And now, Sarah!
Hello. My name’s Sarah Zettel, and, among other things, I’m the author of the Vampire Chef mysteries. This was not my idea. Seriously. The credit for that belongs to the late-great editor and publisher Marty Greenberg, but as soon as I got offered the chance to write a book based around that idea, I jumped at it. Which says rather a lot about me. I mean, when some people hear, “Vampire Chef,” they say “why?” Me, I say “Why didn’t somebody do this years ago?” Probably the fact that I am a great fan of the old Bela Legosi “Dracula” movie and a Food Network Junkie has something to do with it.
The setting is fairly simple, from an urban fantasy standpoint. The heroine, Charlotte Caine is not herself a vampire, she just cooks for them.

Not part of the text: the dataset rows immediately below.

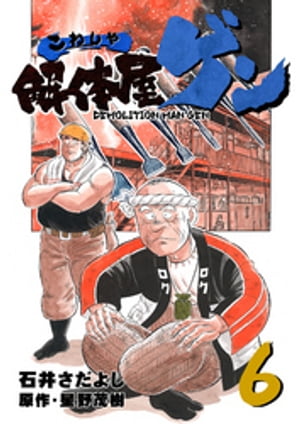 解体屋ゲン(6) 表紙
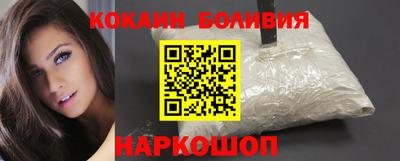 кокаин премиум Партизанск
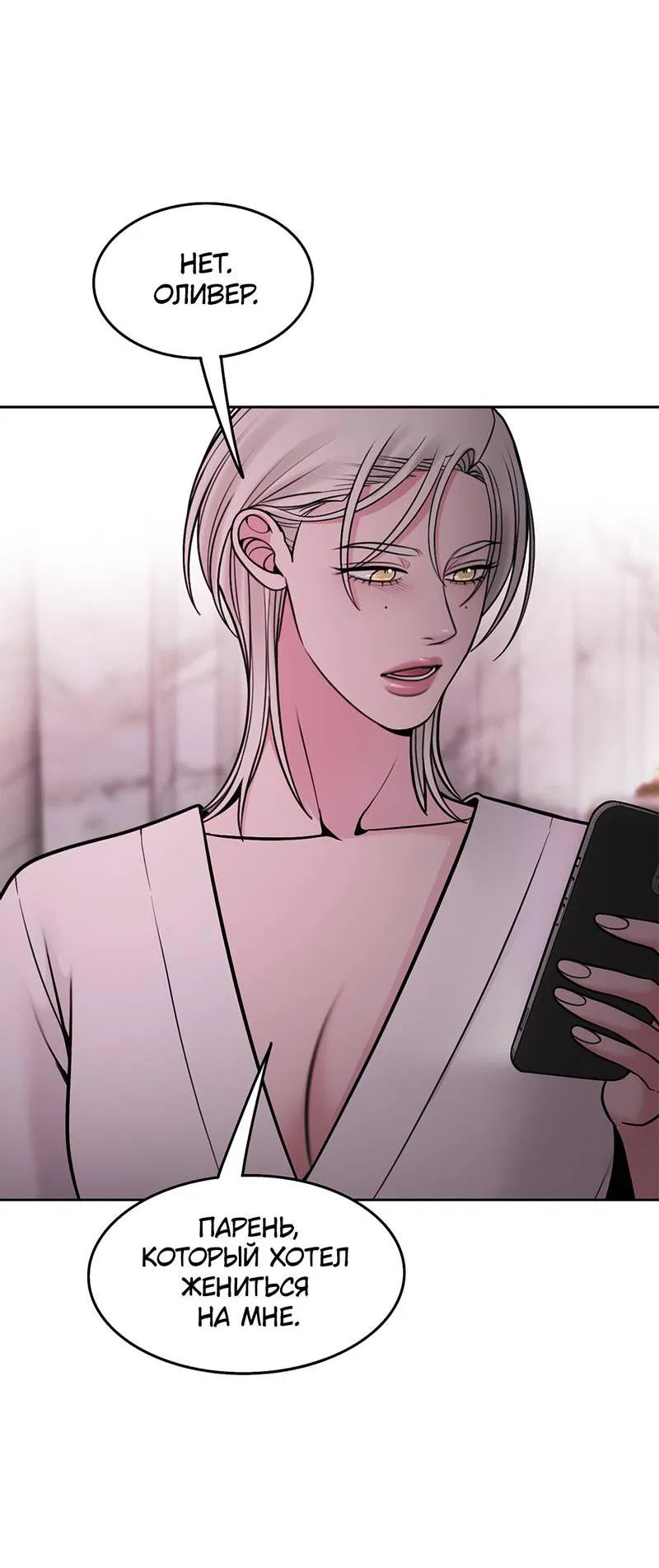 Манга Безжалостная - Глава 116 Страница 3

Charlotte runs a New York City restaurant called “Nightlife” which is a place where humans and paranormals, such as vampires, can share a meal without anybody getting hurt.
Now, I’m a science fiction and fantasy author by trade. This means I mostly write about places no one can get to. But for this, while I can say what I will about the vampires and the other paranormals, I have a rock hard setting; New York City, and restaurant kitchens. This meant Research was required.

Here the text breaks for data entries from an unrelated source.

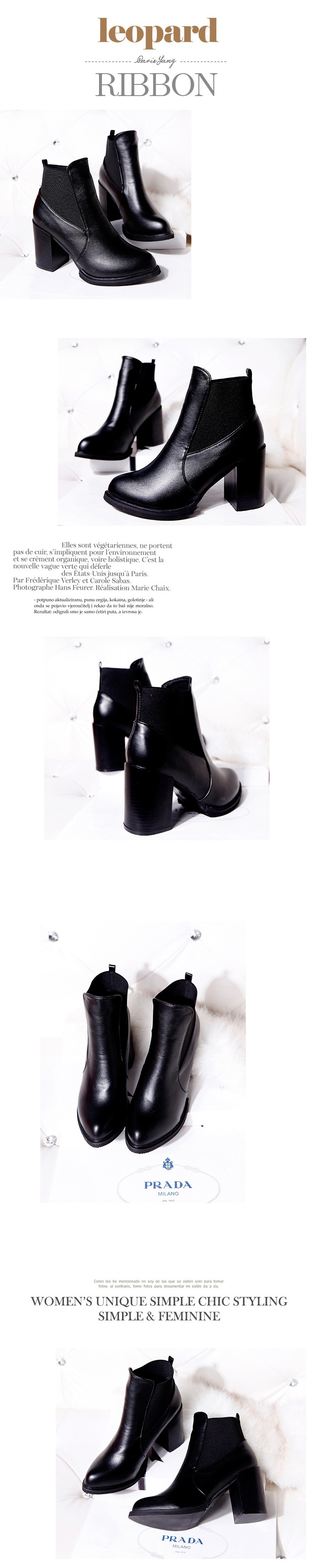 Bottes femme en PU artificiel - Ref 3355466 Image 10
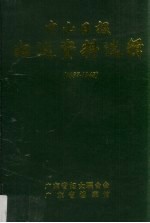 中山日报 妇运资料选辑 1937-1948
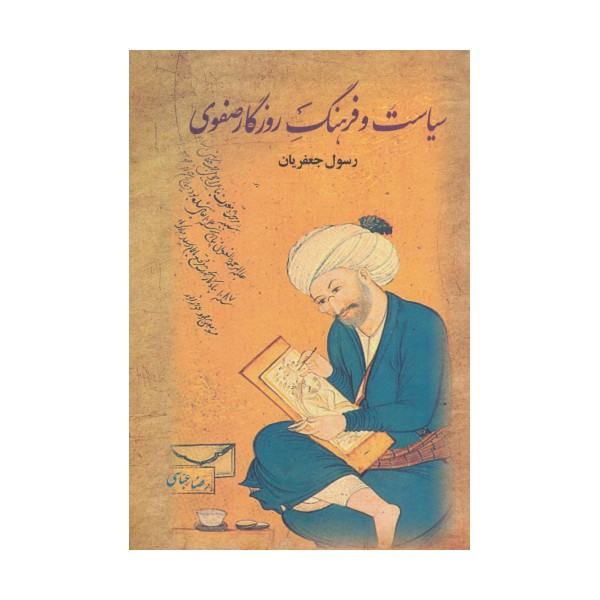 سیاست و فرهنگ روزگار صفوی (2جلدی)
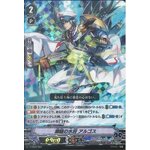 V-TD03/003 Marine General of the Restless Tides, Algos (foil)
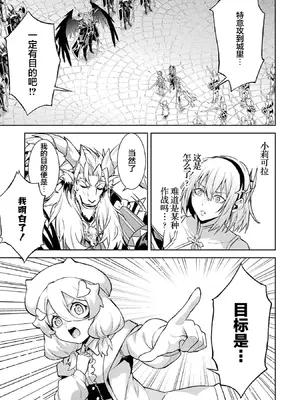 [稲下竹刀, 正璽] 転生したら序盤で死ぬ中ボスだった－ヒロイン眷属化で生き残る 8｜转生为初期就死掉的中boss~将女主人公眷属化来活下来~ 第8卷 [75e1d685个人汉化]_105_kmho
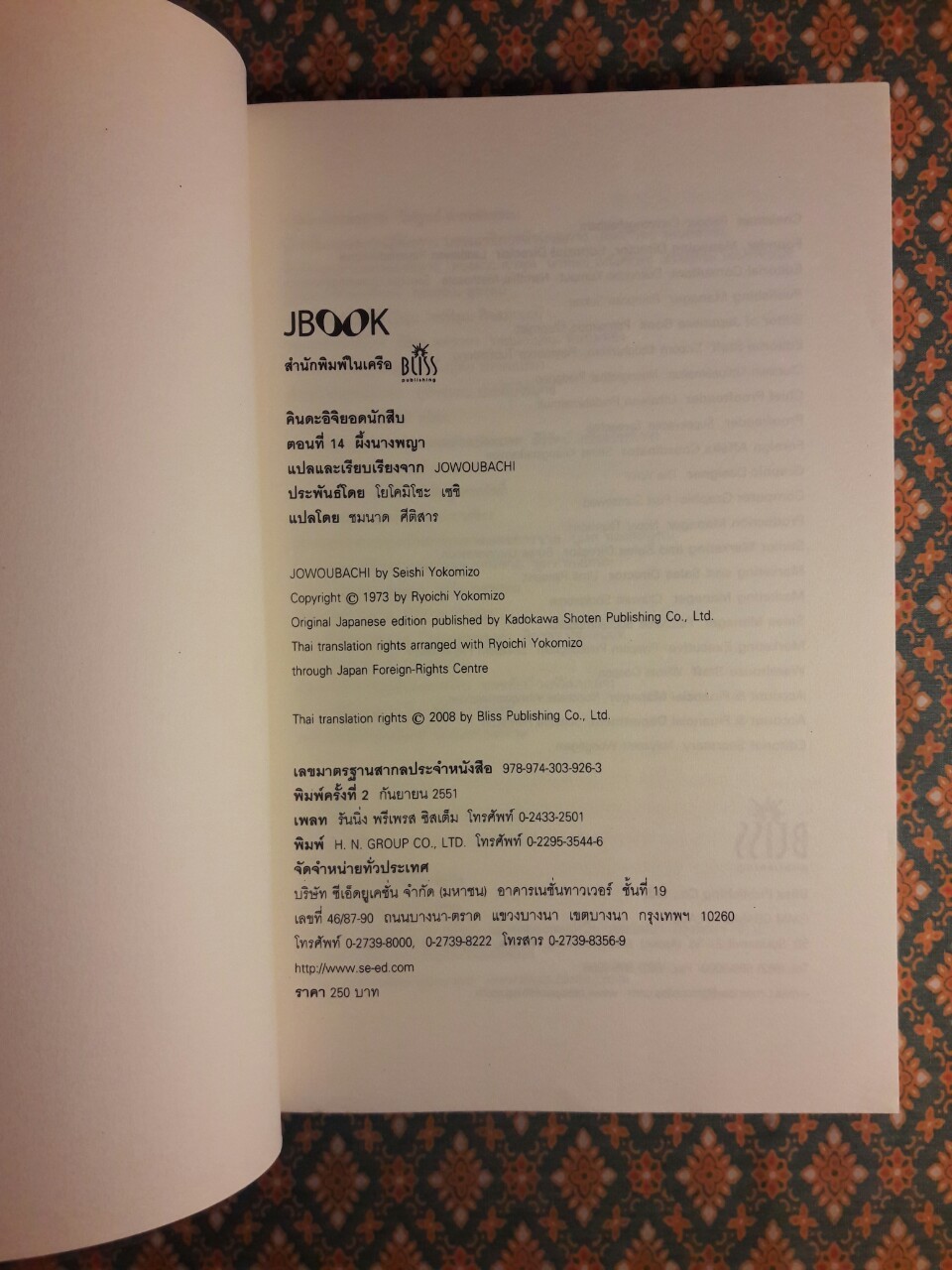 คินดะอิจิยอดนักสืบ ตอนที่ 14 ผึ้งนางพญา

Thanks to my friend the Kitchen Chick, I was able to snag a prime research opportunity. Chef Alex Young of Zingerman’s Roadhouse very kindly agreed to let me come observe the kitchen during Friday dinner rush.
My connection with professional kitchens is tenuous, but it is there. I worked cold prep in the Michigan Union when I was in college. My cheese trays have graced affairs given for then VP, George H.W. Bush. I have fed football prospects, and let me tell you THAT’s an adventure in excess. I’ve still got a scar on my arm from when I banged the wrong part of the oven at Pizza Hut.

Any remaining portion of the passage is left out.